Contournement de l’embargo

Dans les années 1990, plusieurs des pays pourtant à l’origine de l’embargo semblent bien décidés à le contourner, de manière plus ou moins officieuse. L’Allemagne, le Royaume-Uni, les Etats-Unis, notamment, arment Croates et Bosniaques. Les Allemands fournissent des lance-roquettes anti-chars fabriqués par MBB, les Italiens des fusils italiens à canon lisse, les Hongrois des AK 47, Des missiles sol-air américains Stinger destinés à l’Afghanistan changent de route à Chypre, etc… L’arrivée de Bill Clinton à la Maison Blanche en 1993 marque un changement d’impulsion outre-Atlantique. Le soutien américain à la reconstruction des forces croates devient un secret de Polichinelle. En 1994, les Américains se retirent officiellement du dispositif de contrôle de l’embargo mis en place conjointement par l’UEO et l’OTAN (ce qui provoque un drame au sein de l’Alliance). Et en 1995, le Congrès vote une levée unilatérale de l’embargo sur les armes à destination de l’armée bosniaque. Il faudra le veto du président pour empêcher la mesure d’entrer en vigueur.

Ces livraisons ainsi que l’envoi de formateurs conduit à des offensives successives. Les Croates commencent la reconquête du terrain perdu en Krajina en janvier 1993 ; reconquête achevée en août 1995. En octobre 1994, le 5e corps bosniaque débute une vaste offensive dans la zone de sécurité de Bihac.

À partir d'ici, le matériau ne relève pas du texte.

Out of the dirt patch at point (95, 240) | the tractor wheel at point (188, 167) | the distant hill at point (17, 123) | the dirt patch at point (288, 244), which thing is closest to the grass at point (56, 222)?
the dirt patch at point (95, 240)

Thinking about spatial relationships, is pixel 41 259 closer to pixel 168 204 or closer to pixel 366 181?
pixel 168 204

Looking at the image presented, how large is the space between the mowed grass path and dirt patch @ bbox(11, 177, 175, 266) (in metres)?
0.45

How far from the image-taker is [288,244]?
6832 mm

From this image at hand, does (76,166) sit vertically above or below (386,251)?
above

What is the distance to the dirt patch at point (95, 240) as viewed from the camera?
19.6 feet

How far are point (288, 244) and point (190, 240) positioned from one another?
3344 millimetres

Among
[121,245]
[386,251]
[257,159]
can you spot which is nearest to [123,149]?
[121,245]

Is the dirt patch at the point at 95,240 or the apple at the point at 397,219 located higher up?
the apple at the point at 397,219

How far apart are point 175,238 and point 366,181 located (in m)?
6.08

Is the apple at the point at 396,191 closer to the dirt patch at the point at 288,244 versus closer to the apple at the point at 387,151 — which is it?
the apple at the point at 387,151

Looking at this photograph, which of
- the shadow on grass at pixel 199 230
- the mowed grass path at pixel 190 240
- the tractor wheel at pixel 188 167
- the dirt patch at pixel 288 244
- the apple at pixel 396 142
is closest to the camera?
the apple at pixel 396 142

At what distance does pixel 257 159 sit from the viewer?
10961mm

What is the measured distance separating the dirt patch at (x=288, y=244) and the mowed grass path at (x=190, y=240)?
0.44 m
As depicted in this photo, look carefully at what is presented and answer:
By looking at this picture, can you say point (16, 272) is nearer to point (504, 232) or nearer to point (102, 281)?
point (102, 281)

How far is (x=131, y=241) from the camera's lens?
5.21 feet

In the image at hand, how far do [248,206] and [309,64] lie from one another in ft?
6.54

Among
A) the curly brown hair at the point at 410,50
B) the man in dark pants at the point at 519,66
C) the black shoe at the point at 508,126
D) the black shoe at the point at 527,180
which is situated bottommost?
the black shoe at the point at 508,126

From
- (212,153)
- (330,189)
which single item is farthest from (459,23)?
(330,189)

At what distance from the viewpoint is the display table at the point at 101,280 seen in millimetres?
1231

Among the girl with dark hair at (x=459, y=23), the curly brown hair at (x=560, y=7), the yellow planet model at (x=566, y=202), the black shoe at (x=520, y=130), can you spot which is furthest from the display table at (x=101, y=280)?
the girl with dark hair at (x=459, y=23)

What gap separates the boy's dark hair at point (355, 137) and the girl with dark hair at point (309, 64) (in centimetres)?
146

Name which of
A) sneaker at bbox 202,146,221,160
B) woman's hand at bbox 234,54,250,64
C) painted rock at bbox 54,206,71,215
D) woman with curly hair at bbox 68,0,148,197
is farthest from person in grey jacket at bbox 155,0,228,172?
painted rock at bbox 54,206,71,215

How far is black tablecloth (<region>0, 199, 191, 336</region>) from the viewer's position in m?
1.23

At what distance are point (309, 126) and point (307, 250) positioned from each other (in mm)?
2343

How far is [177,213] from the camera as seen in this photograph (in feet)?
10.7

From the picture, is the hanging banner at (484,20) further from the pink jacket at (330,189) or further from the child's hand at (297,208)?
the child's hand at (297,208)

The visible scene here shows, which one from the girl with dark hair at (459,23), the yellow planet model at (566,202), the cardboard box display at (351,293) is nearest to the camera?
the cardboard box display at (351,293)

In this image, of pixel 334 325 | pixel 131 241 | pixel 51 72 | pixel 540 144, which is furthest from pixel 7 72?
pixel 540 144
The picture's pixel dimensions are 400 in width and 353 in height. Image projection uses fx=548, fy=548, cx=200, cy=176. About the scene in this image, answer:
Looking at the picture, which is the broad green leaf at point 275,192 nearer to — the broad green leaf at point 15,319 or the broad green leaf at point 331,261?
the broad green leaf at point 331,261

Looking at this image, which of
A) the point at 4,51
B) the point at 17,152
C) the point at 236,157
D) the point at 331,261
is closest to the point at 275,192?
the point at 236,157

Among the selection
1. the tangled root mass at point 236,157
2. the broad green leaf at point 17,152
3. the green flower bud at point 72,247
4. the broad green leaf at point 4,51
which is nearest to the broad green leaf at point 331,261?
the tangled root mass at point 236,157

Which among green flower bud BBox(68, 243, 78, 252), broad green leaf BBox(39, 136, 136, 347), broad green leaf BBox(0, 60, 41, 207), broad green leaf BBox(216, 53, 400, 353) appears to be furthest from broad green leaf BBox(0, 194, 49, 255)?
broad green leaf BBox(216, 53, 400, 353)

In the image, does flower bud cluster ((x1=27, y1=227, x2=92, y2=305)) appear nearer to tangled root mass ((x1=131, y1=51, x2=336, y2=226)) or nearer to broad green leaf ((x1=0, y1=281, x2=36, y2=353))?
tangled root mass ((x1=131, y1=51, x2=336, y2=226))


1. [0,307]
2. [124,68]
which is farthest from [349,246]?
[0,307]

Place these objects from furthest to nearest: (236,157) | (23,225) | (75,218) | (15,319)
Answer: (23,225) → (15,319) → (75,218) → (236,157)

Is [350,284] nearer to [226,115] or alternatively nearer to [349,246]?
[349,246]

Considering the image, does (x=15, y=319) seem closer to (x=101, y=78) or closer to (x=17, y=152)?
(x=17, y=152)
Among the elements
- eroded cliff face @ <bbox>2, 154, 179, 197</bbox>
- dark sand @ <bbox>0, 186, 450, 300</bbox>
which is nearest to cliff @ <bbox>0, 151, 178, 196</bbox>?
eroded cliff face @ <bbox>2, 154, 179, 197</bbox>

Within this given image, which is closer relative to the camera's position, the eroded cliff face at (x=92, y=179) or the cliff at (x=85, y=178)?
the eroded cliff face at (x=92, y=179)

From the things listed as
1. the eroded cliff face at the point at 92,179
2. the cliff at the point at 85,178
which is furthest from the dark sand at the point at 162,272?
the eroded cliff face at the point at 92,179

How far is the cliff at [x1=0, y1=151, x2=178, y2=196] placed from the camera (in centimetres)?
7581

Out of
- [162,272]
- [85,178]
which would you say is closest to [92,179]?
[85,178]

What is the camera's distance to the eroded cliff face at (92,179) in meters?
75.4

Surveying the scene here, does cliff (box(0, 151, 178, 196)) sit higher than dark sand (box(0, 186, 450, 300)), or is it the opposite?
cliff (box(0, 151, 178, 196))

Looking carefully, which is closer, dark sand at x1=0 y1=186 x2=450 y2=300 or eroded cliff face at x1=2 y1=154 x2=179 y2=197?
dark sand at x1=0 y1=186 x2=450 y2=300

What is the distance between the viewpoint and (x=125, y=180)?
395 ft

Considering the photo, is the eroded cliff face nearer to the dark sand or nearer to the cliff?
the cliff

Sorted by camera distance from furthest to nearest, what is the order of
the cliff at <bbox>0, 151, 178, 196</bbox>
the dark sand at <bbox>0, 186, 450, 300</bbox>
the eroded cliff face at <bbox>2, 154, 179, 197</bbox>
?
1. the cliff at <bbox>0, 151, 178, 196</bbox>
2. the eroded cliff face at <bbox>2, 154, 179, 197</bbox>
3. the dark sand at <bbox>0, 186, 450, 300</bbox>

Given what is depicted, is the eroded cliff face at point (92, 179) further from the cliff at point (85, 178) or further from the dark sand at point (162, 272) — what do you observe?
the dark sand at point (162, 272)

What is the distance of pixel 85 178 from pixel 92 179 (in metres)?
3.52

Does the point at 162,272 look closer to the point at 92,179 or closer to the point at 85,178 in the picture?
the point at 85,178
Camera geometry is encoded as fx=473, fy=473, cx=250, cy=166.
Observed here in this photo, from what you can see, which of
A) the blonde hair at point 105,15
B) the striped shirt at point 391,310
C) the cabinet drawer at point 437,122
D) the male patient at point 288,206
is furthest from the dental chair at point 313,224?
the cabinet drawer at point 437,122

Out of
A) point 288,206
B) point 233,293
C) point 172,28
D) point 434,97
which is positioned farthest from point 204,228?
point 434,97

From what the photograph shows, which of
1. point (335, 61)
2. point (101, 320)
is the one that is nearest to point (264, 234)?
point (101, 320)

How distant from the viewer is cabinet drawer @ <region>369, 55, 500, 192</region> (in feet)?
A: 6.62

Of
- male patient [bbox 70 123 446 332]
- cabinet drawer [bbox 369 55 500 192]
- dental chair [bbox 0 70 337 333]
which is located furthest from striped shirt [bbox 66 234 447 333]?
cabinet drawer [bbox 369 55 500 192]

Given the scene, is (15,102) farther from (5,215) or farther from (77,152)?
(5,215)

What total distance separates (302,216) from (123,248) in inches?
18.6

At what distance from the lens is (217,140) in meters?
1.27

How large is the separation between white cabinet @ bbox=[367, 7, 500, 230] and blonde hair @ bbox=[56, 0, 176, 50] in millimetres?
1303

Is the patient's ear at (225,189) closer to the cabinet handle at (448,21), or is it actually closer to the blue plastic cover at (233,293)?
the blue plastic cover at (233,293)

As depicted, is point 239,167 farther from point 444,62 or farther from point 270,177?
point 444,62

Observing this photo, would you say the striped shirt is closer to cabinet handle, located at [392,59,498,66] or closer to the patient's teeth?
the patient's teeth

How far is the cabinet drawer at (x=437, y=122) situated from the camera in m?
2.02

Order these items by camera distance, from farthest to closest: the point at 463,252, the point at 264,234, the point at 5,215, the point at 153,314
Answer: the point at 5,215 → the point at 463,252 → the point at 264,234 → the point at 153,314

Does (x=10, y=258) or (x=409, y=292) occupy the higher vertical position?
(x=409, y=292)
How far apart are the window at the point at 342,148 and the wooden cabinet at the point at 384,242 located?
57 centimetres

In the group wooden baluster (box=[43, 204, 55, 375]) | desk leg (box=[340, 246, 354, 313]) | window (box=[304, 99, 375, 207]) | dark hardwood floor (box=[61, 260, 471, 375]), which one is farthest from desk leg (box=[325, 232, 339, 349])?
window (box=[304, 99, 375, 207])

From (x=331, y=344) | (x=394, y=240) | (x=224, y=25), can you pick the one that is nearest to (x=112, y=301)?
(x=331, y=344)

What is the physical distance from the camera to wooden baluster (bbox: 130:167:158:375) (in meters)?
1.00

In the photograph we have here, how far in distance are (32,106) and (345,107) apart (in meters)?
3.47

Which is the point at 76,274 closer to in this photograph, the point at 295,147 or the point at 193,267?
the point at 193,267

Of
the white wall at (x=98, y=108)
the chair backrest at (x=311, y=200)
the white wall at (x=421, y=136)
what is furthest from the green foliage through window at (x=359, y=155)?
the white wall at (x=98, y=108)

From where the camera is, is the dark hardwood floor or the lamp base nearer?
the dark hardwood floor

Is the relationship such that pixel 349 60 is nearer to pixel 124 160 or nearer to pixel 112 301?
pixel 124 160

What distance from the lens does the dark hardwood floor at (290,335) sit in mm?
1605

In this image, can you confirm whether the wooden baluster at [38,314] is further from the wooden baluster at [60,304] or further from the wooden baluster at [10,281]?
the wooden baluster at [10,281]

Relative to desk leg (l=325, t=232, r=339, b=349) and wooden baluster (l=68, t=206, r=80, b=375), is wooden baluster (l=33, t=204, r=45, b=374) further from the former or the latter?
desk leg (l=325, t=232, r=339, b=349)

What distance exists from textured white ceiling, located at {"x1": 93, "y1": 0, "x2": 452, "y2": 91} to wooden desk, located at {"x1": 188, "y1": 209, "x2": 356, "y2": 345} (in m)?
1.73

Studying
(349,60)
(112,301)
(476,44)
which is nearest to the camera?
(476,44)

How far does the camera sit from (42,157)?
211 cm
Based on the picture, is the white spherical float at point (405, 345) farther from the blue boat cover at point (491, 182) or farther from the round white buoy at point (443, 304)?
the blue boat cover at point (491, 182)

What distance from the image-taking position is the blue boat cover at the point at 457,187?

En juillet 1995, c’est l’offensive croate en Bosnie, poursuivie de manière concertée par les forces croato-musulmanes en septembre 1995 en Bosnie occidentale et centrale. Un cessez-le-feu est signé en octobre. Et les négociations de Dayton s’ouvrent en novembre 1995. Ce ne sera finalement qu’en juin 1996 que l’embargo sur les armes sera levé après un ultime accord sur le désarmement entre toutes les parties impliquées dans le conflit.

Une leçon…

L’utilité de l’embargo n’a jamais été vraiment évaluée ni fait l’objet d’une introspection européenne. Et pour cause ! Son résultat a été nul sur l’aggravation du conflit. Et il n’aura conduit qu’à retarder d’un ou deux ans son issue et de faire des milliers de victimes supplémentaires. De fait, si une solution politique comme les accords de Dayton a pu survenir, et mettre fin au conflit, c’est en partie grâce aux efforts de négociation. Mais c’est surtout grâce/à cause de la violation de l’embargo. Les forces serbes ont senti le vent du boulet et le son de la défaite. Les pertes successives sur le terrain les ont amené à négocier là où elles n’y étaient pas prêtes quelques années auparavant… Le paradoxe est là : la violation de la loi internationale a abouti au respect de son esprit.